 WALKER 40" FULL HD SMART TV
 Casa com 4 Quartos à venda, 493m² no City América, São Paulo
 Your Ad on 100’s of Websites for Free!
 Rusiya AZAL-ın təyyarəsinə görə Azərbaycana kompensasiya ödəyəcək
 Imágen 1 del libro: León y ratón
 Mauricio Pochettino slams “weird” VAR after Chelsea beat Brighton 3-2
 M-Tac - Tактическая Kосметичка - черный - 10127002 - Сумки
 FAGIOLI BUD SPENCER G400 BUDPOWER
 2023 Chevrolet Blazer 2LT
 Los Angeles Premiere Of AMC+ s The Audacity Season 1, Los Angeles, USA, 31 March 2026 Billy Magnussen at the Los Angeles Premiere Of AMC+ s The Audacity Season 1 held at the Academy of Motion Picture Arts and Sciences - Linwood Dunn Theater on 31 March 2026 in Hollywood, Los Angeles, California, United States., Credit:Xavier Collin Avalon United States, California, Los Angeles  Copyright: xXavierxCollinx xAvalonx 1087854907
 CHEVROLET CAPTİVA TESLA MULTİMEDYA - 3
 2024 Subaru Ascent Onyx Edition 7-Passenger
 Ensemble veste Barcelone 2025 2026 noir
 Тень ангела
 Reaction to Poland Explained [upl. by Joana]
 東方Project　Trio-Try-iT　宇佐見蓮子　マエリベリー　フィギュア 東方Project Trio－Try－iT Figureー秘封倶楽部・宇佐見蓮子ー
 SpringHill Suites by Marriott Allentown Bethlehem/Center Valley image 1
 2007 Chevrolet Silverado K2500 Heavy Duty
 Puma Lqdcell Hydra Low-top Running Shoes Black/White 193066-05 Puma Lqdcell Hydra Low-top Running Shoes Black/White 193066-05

○ ○ ○

* _Assigned task_:
Your response should be the lines above from the first to the one containing "2023 Chevrolet Blazer 2LT", inclusive, each given exactly.

* _Task output_:
 WALKER 40" FULL HD SMART TV
 Casa com 4 Quartos à venda, 493m² no City América, São Paulo
 Your Ad on 100’s of Websites for Free!
 Rusiya AZAL-ın təyyarəsinə görə Azərbaycana kompensasiya ödəyəcək
 Imágen 1 del libro: León y ratón
 Mauricio Pochettino slams “weird” VAR after Chelsea beat Brighton 3-2
 M-Tac - Tактическая Kосметичка - черный - 10127002 - Сумки
 FAGIOLI BUD SPENCER G400 BUDPOWER
 2023 Chevrolet Blazer 2LT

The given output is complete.